Mr Hogg said being able to share his story with farmers in an informal setting would help encourage other people to feel comfortable with sharing their own stories around mental health.
"Growing up in a farming community and having many friends and family still involved in agriculture, I'm proud to be working with GPA on this initiative, to share these important messages," Mr Hogg said.
"This is a great way to help others recognise the signs they need to look out for with friends or family who might be struggling, and encourage them to reach out for help when needed.
"We want people to know that they're never alone, and that help is always a phone call away if they need it.
"It's all about starting conversations that will make a positive change and help save lives."
Lifeline WA chief executive officer Lorna MacGregor said despite significantly higher suicide rates among men, they were less likely to reach out for help, with only 27 per cent of WA callers to Lifeline's 13 11 14 helpline being male.
Ms MacGregor said the stigma around mental health issues was generally more prevalent in rural communities and among farmers.
Rural Aid's Mental Health and Wellbeing Team of professional counsellors are based in rural towns throughout Australia.
They are passionate about supporting farmers and their families and an integral part of GPA's new mental health platform and creating new opportunities for positive engagement.
Rural Aid chief executive officer John Warlters said his organisation was pleased to lend a hand with the support of these trained counsellors who help their communities with a range of services - from early intervention and health promotion, right through to treatment using evidence-based interventions.

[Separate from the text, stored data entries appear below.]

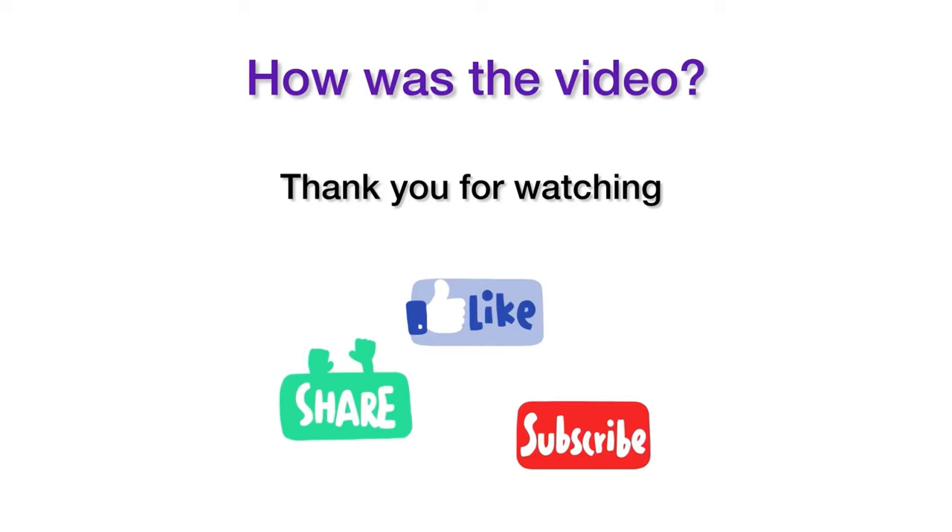How was the video? Do you like it? Thank you for watching and subscribe to my channel. Bye bye.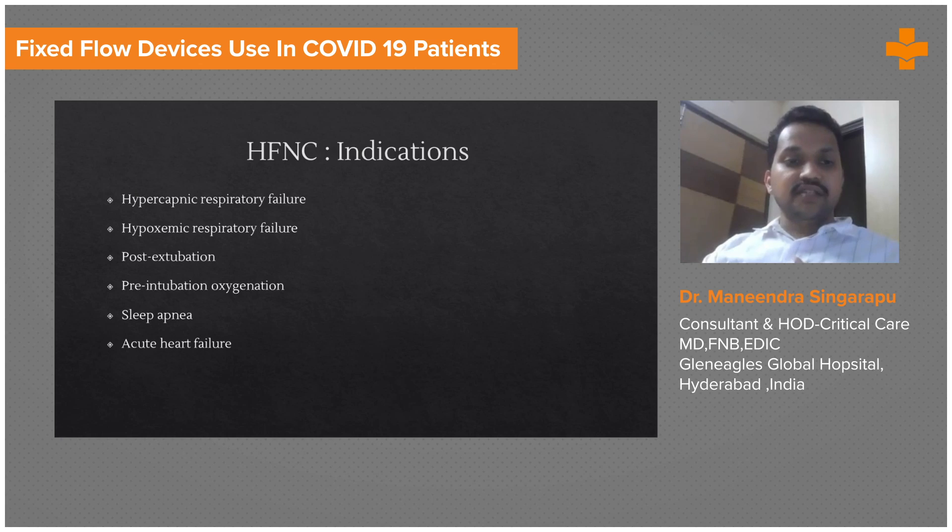The indications for HFNC include hypercapnic respiratory failure, hypoxemic respiratory failure, post-extubation, pre-intubation oxygenation, sleep apnea, and pulmonary edema secondary to heart failure. These are almost the same indications as for non-invasive ventilation. However, HFNC scores over portable NIV because it gives humidified oxygen with a controlled FiO2, which is not available with portable NIV.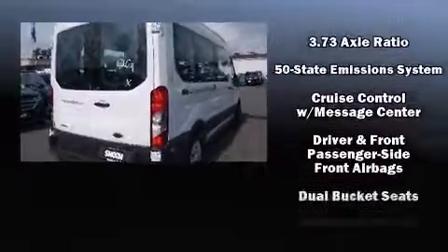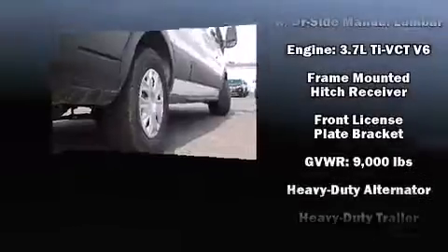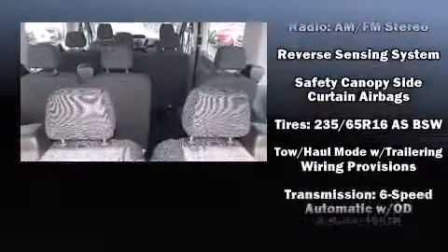Ford ensures the safety and security of its passengers with equipment such as head curtain airbags, front side impact airbags, traction control, brake assist, a panic alarm, and four-wheel disc brakes with ABS.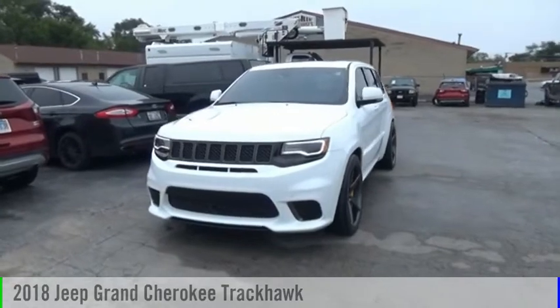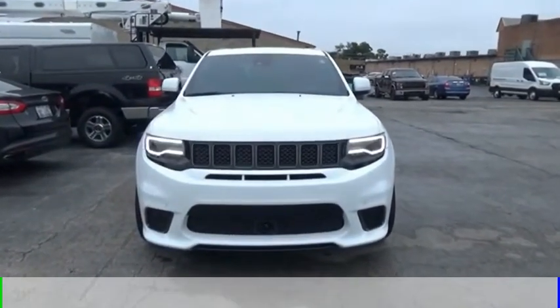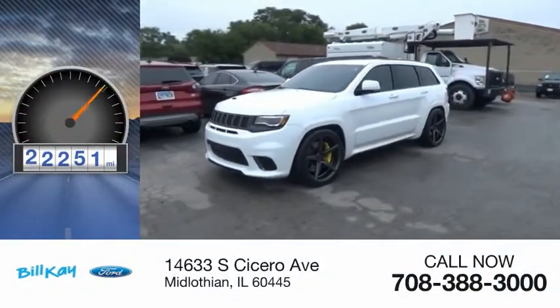You are going to love the 2018 Grand Cherokee. This vehicle is powered by a four-wheel drive, eight-cylinder, 6.2-liter engine. This vehicle has less than 25,000 miles.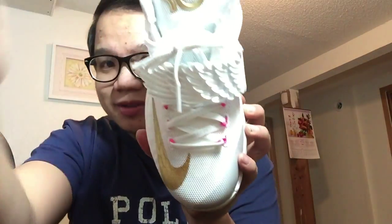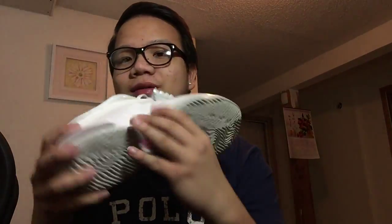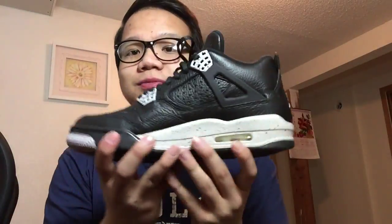So this is the KD7 Aunt Pearls right there — you guys can look at them. And the Jordan 4 Oreos.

Mr Warlters said Rural Aid counsellors were trained mental health professionals who had a genuine understanding of farming and the unique challenges and benefits of being on the land.
"Farmers we work with often report that mainstream services inadequately understand farming, or hold a simplistic understanding that can really get in the way of farmers feeling understood and supported," Mr Warlters said
."Our team understand these nuances, empathise with the seasonal nature of this work, knowing how to make impact quickly but effectively with solution focused interventions when farmers are short on time, and maximise the chance for deeper conversations when time pressures are less intense.
"By coming out to farmers property, we help overcome some of the barriers to accessing support that farmers face.
"This new initiative provides another opportunity and way to connect with farmers and rural people, to provide our support services and start important conversations to make a difference."
Nufarm commercial general manager Peter O'Keeffe said his company was proud to be supporting this important initiative, to help make a difference for farmers and their communities.
"We believe it's important to support Brad in delivering his practical grass roots messages about the importance of mental health, working with a grass roots farmer organisation such as GPA," Mr O'Keeffe said".
This will help boost awareness of mental health issues in farming communities and help develop better understanding of the pragmatic solutions and options available, and local support networks.
"We look forward to seeing as many people as possible attend these events, to share these messages as broadly as possible, and create positive outcomes that help saves lives," he said.